In the records below, the lines between the one holding "Box mit flachem Cover" and the one holding "Design élégant fait", inclusive, are to be transcribed exactly; no pictures are to be included.
-=-=-=-=-
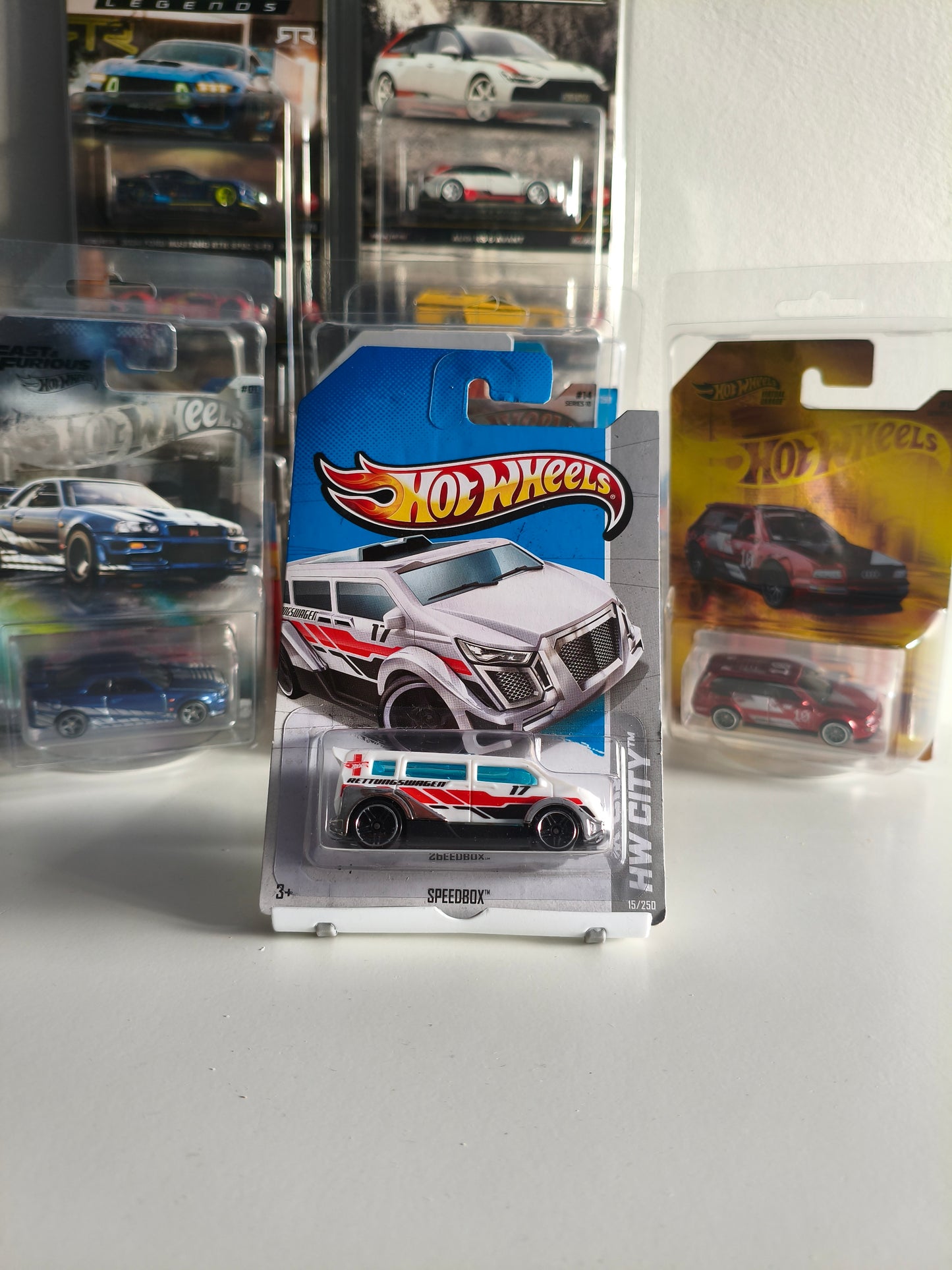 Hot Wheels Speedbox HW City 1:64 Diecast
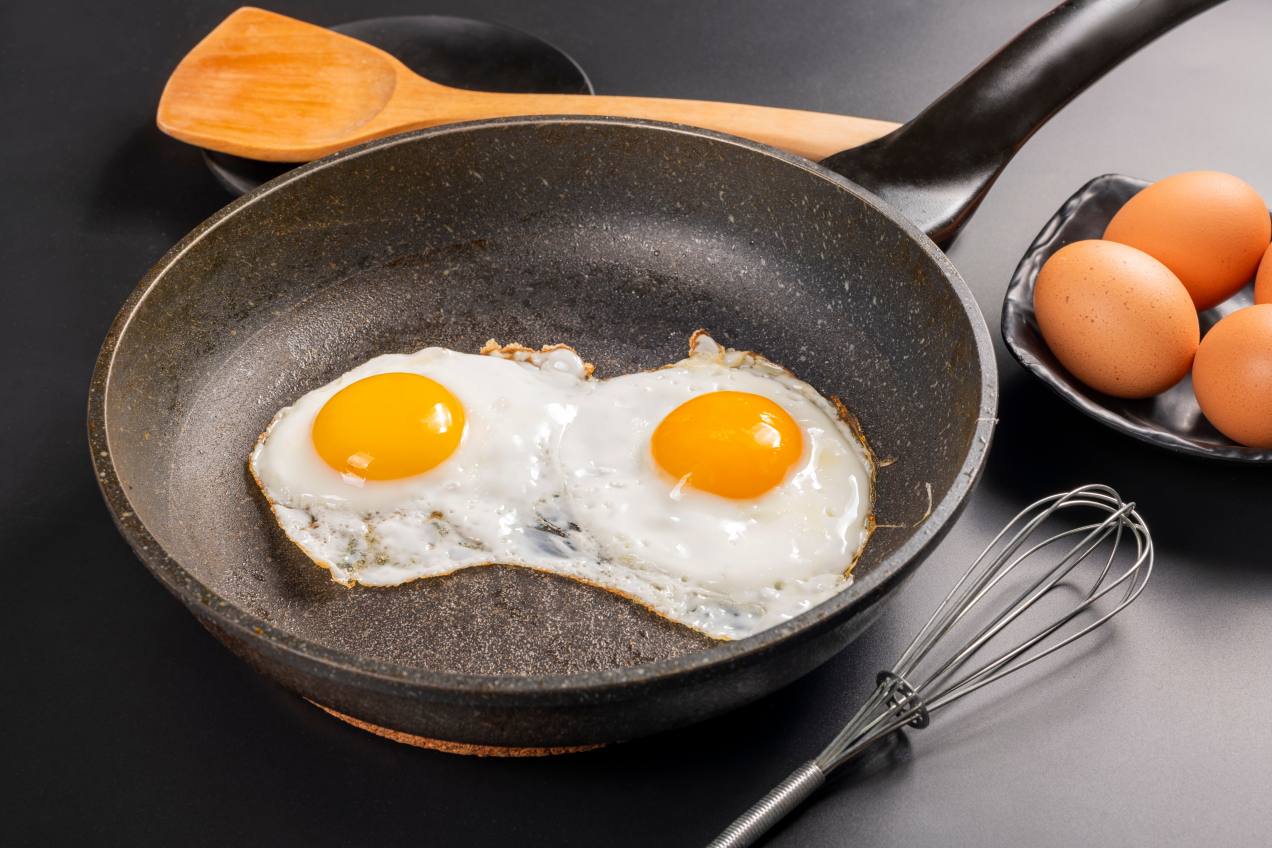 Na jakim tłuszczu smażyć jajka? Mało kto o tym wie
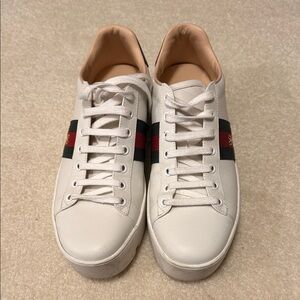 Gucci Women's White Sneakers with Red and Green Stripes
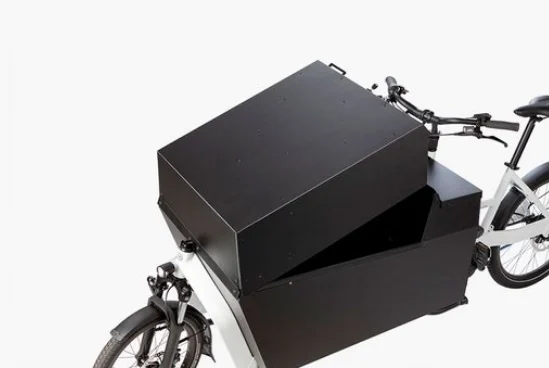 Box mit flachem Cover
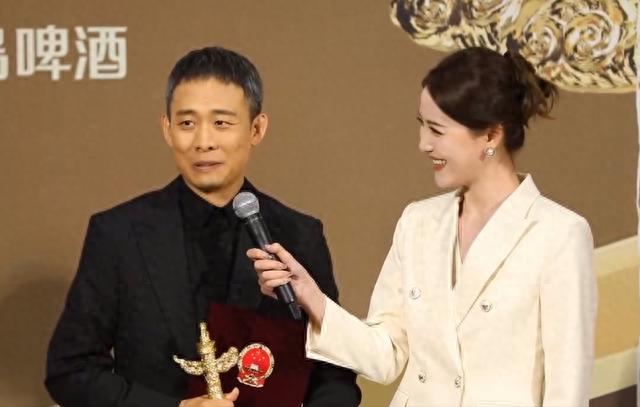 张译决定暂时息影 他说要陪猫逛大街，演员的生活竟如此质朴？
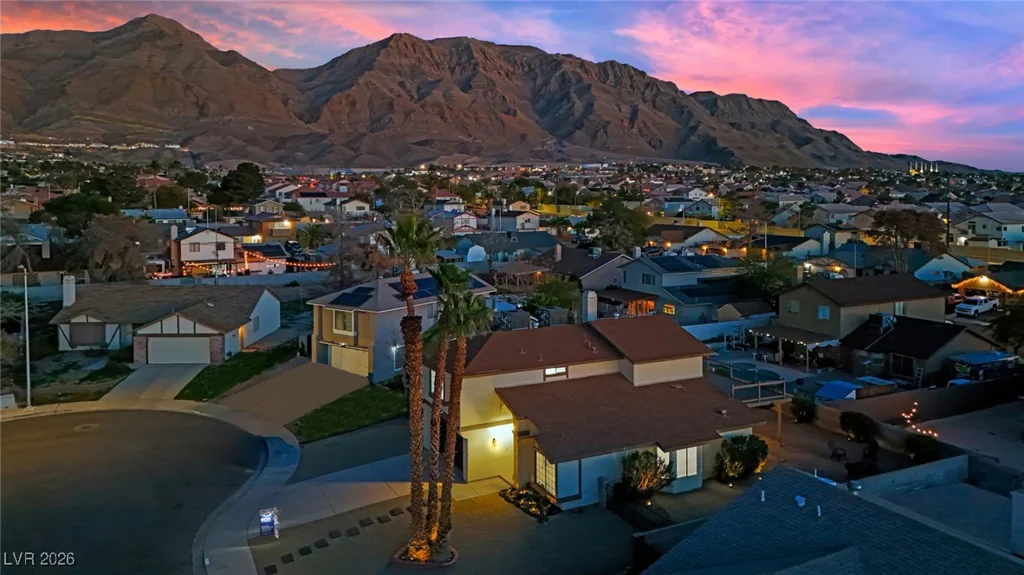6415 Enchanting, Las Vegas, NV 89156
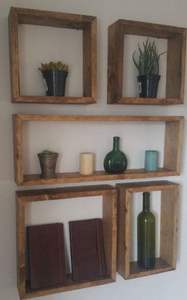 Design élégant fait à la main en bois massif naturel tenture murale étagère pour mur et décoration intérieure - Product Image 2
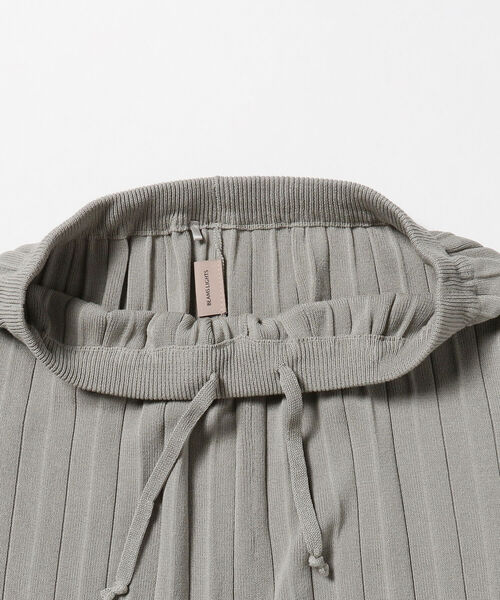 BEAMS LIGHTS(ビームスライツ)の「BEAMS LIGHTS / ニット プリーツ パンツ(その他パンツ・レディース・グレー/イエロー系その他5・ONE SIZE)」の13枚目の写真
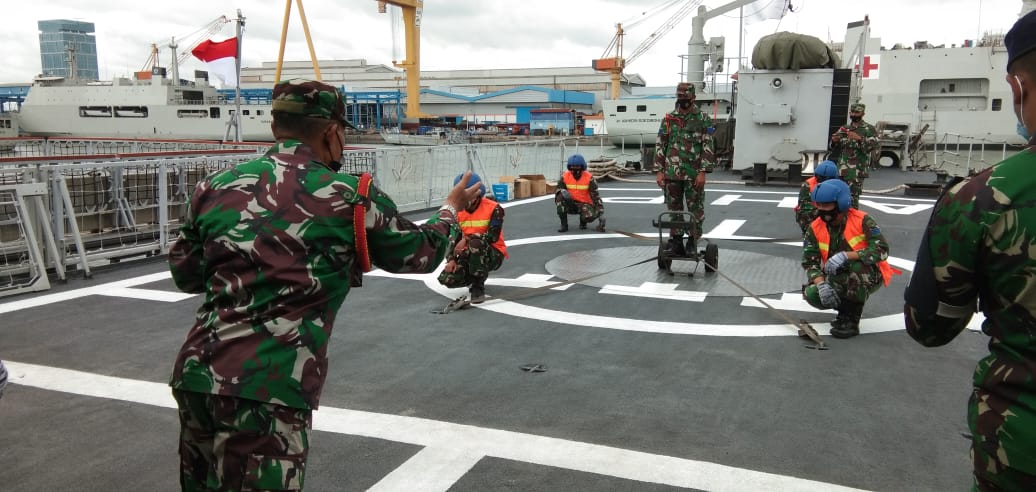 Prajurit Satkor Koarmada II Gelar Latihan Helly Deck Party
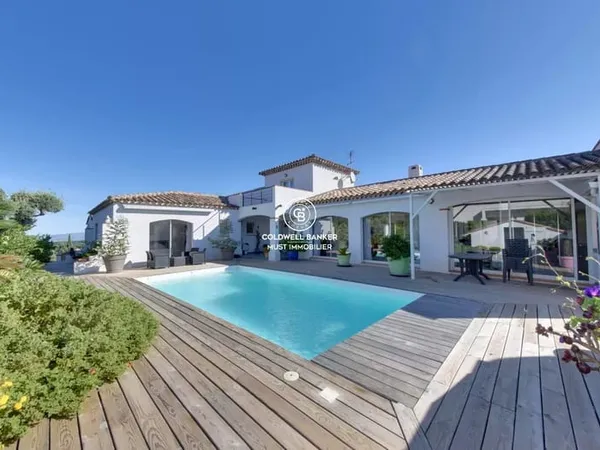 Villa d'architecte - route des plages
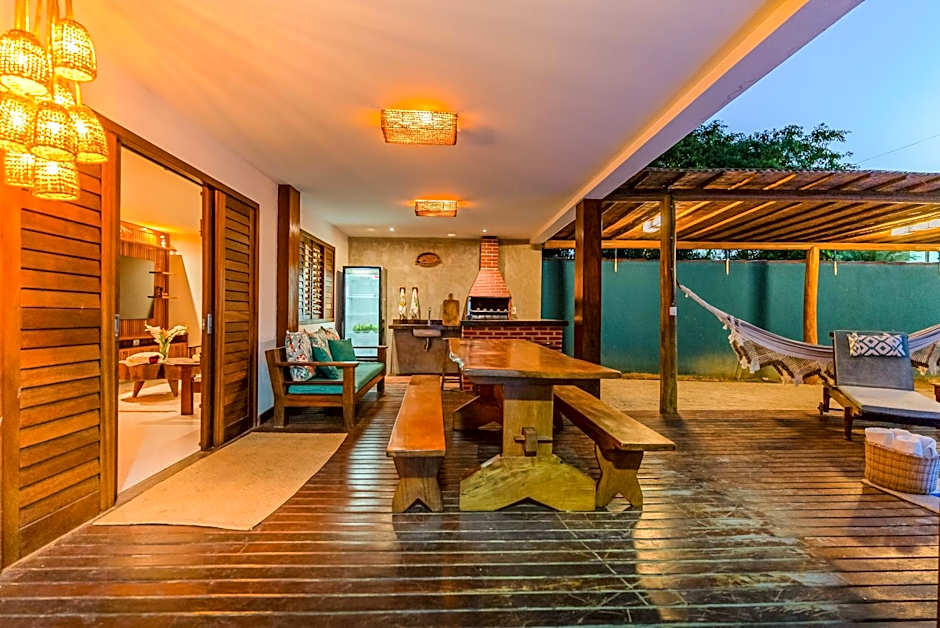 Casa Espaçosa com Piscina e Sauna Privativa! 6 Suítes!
-=-=-=-=-
| Worked solution |
 Box mit flachem Cover
 张译决定暂时息影 他说要陪猫逛大街，演员的生活竟如此质朴？
6415 Enchanting, Las Vegas, NV 89156
 Design élégant fait à la main en bois massif naturel tenture murale étagère pour mur et décoration intérieure - Product Image 2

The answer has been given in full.